Let $A$ be an invertible, symmetric $n\times n$ matrix and define $F:\mathbb R^n\rightarrow\mathbb R$ by $F(x)=x\cdot Ax$
For $k>0$, how can I show that the set $T_k=\{x\in\mathbb R^n:F(x)=k\}$ is either empty or a submanifold of $\mathbb R^n$?
I know that if $rank(\delta F(x))=1$ for all $x\in T_k$, then $T_k$ is a submanifold of $\mathbb R^n$
$\delta F(x)=(\delta_1 F(x)...\delta_n F(x))$
The rank of $\delta F(x)$ is zero iff all the partial derivatives are zero, why does this imply that $T_k$ is empty?

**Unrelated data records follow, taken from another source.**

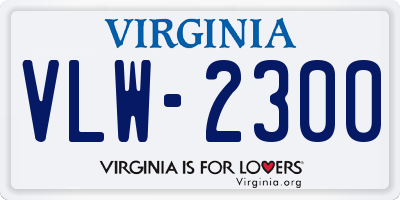 VA license plate VLW2300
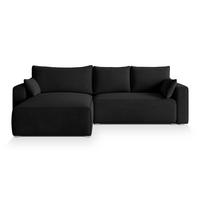 ECKSOFA FORIL Schwarz Velours-Stoff mit Schlaffunktion - Schwarz, Holz (265/178cm) - MASSENO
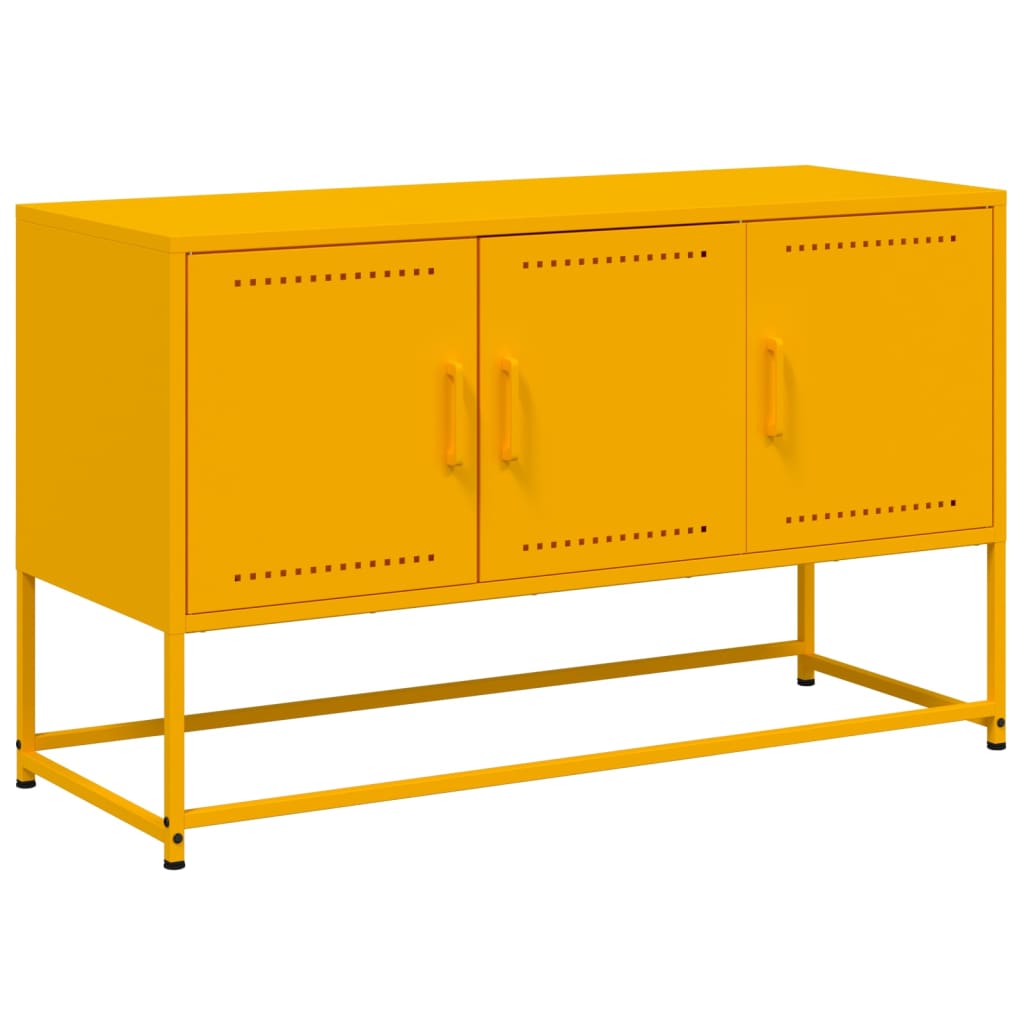 Meuble TV jaune moutarde 100,5x39x60,5 cm en acier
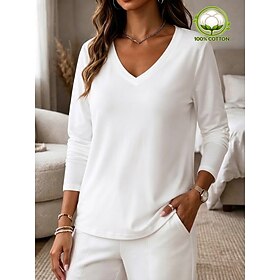Women's 100% Cotton T Shirt Modern Casual Breathable Long Sleeve V Neck Regular Tops Casual Daily Going out White Spring
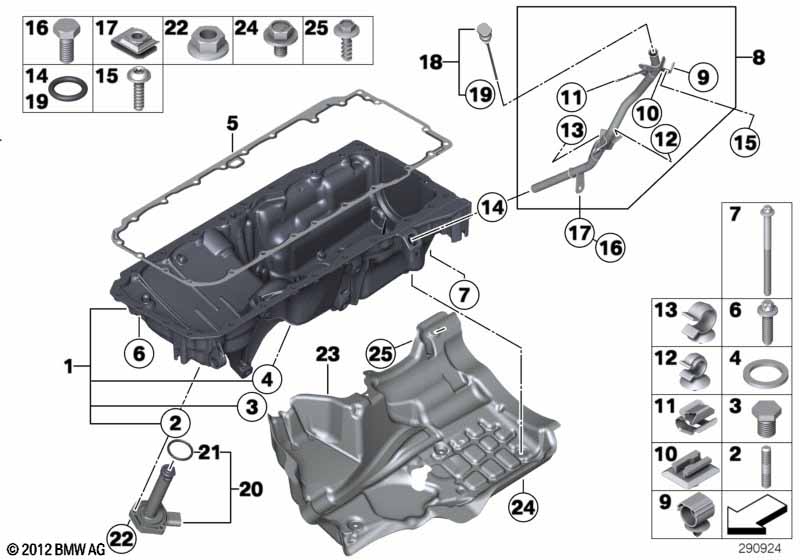 Oil pan/oil level indicator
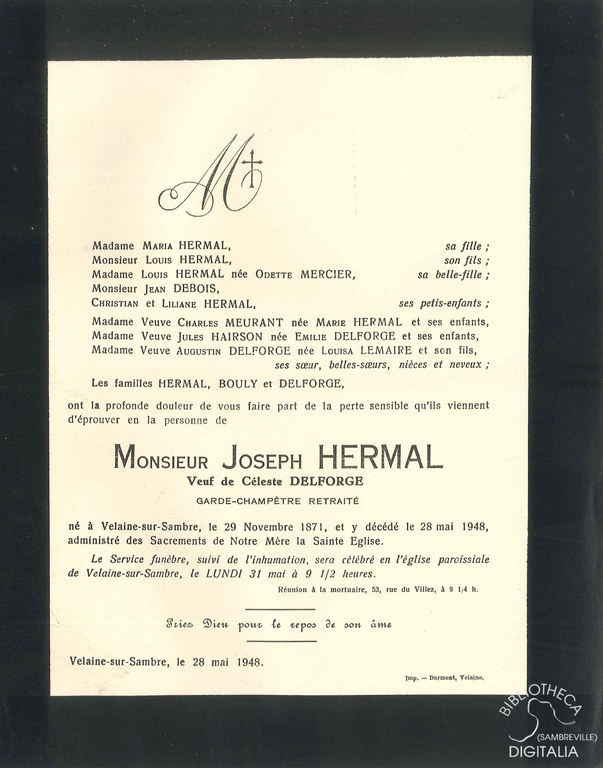 Faire-part de décès de Joseph HERMAL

If $T_{k}$ is not empty, then the rank of the differential $d_{x}F$ is $1$ at all points $x\in T_{k}$. Indeed, for $v\in\mathbb{R}^{n}$, the differential $d_{x}F(v)$ is given by $$ d_{x}F(v)=\left.\frac{d}{dt}\right|_{t=0}F(x+tv)=\left.\frac{d}{dt}\right|_{t=0}(x+tv)\cdot(Ax+tAv)=x\cdot Av+v\cdot Ax $$ In particular, for $v=x$ we have $$ d_{x}F(x)=2x\cdot Ax= 2F(x)=2k\neq 0. $$ So the map $d_{x}F:\mathbb{R}^{n}\rightarrow\mathbb{R}$ is not identically zero, and therefore it has rank $1$.